Каждый вправе сделать самостоятельные предположения о том, что могло произойти с 4-летним безобидным мальчиком на его пути домой декабрьским вечером 1928 года. Наверное все согласятся с тем, что никакого серьёзного заговора, призванного отомстить дяде или отцу мальчика за их мнимые или действительные грехи, не существовало. Как не существовало чудовищного педофила-похитителя малышей, ибо ни до 1928 года, ни после похожих случаев ни в округе Уэйн, ни в соседних округах не фиксировалось. С периодичностью раз в год [или, может, несколько чаще] исчезал ребёнок, но все подобные инциденты удавалось расследовать и не все эти исчезновения имели криминальную причину.
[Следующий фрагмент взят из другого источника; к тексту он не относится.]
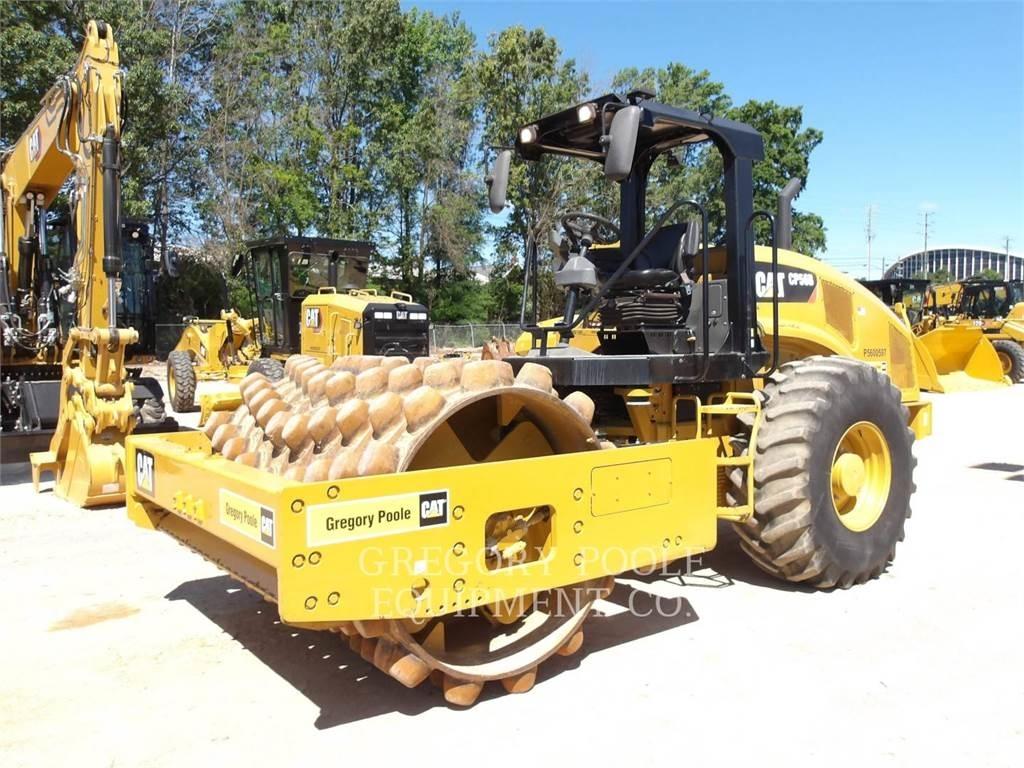 CAT CP56B Tahačové válce
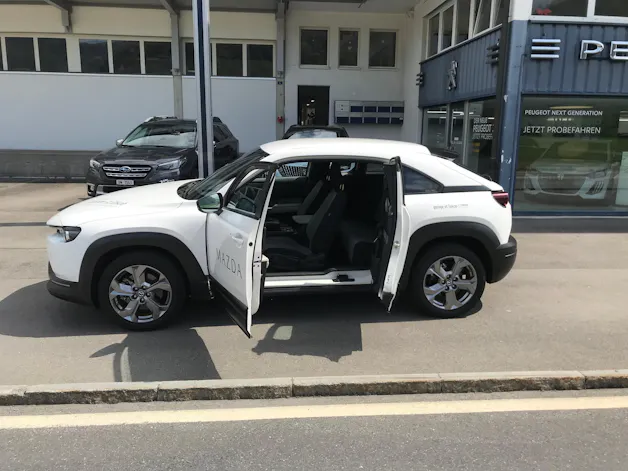 Mazda MX-30 e-Skyactiv Ambition Plus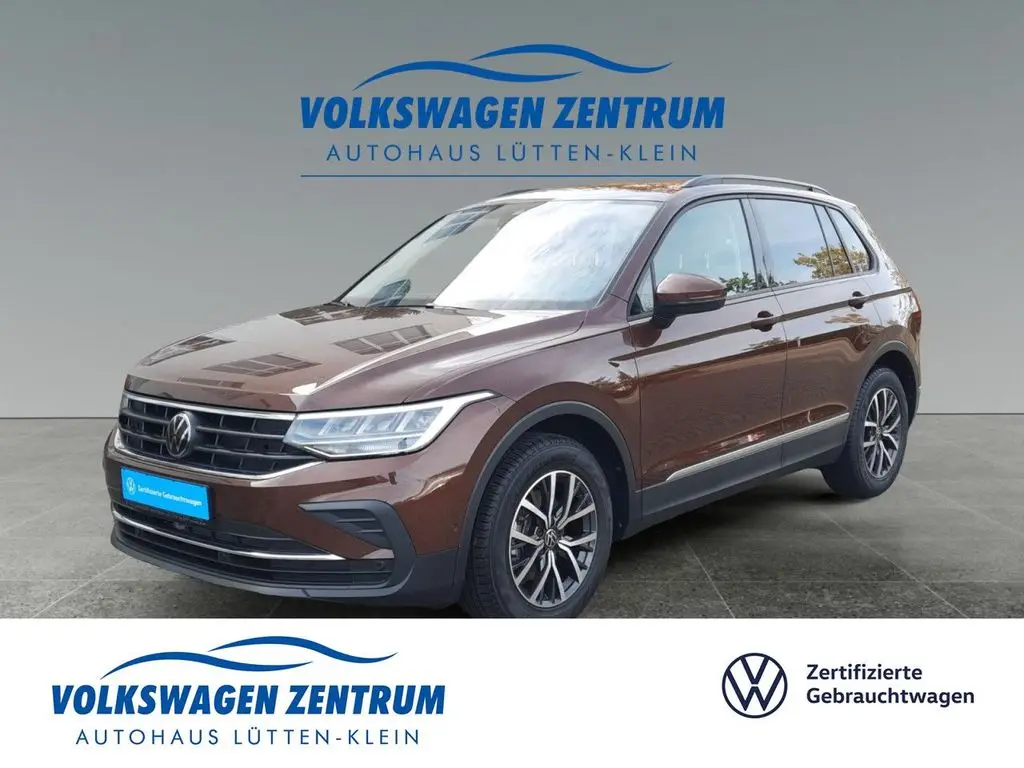 Photo 1 : Volkswagen Tiguan 2023 Essence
В случае с Мелвином, скорее всего, произошло нечто совершенно случайное, но с фатальным для мальчика исходом. Самое простое и понятное, что приходит на ум — это случайный наезд автомобиля, водитель которого в сумерках не увидел двигавшегося по обочине малыша. Когда же водитель понял, что жертвой его небрежной езды стал ребёнок, то он решился на то, чтобы усугубить свою вину и скрыть факт преступления. Бросив тело умиравшего или уже умершего малыша в автомашину, он с максимальной скоростью покинул место наезда и где-то за пределами Оррвилля, возможно, на большом удалении от города, избавился от тела.
По субъективному ощущению автора, разумеется, недоказуемому, история с анонимным письмом, приключившаяся в декабре 1929 г., была правдивой. В том смысле, что автором письма являлся настоящий преступник, испытывавший на протяжении года угрызения совести и решивший сдаться властям, чтобы положить конец душевным мукам. Вполне возможно, что этот человек был готов понести законное наказание за содеянное и для этого даже приехал в Оррвилль, но… но увиденное на улицах города вызвало резкую перемену его настроения. Бродившие по Оррвиллю толпы местных жителей и приезжих из окрестных поселений рассуждали о том, как они линчуют негодяя, который планирует явиться с повинной, а потому неудивительно, что желание сдаться в руки Закона у преступника моментально пропало.
Впрочем, это всего лишь предположение автора, нельзя исключать того, что анонимное письмо, написанное в декабре 1929 года от имени от убийцы, явилось всего лишь дурацкой мистификацией. Примерами подобных розыгрышей история уголовного сыска — увы! — пестрит.
Хотя трагическая история Мелвина Хорста представляется неоконченной, тем не менее, её следует признать весьма и весьма поучительной. Причём поучительной с негативной коннотацией — это пример того, как проводить подобные расследование не нужно.
О чём идёт речь?
Прежде всего, специальный прокурор Муги при всей своей кажущейся энергии и предприимчивости, допустил фундаментальную ошибку, неверно оценив достоверность показаний Чарльза Ханны-младшего. Теория свидетельских показаний являлась направлением юридической психологии хорошо разработанной уже в первой трети XX столетия. Прокурор просто обязан был знать, что дети являются очень специфическими свидетелями и их допросы надлежит проводить, следуя определенным правилам.
Дети несамостоятельны и в отличие от взрослых, не сознают серьёзности свидетельских показаний при расследовании преступлений. То, что его слова могут запутать расследование или бросить тень на невиновного, волнует ребёнка мало, точнее, такого рода мысли ему просто не приходят в голову.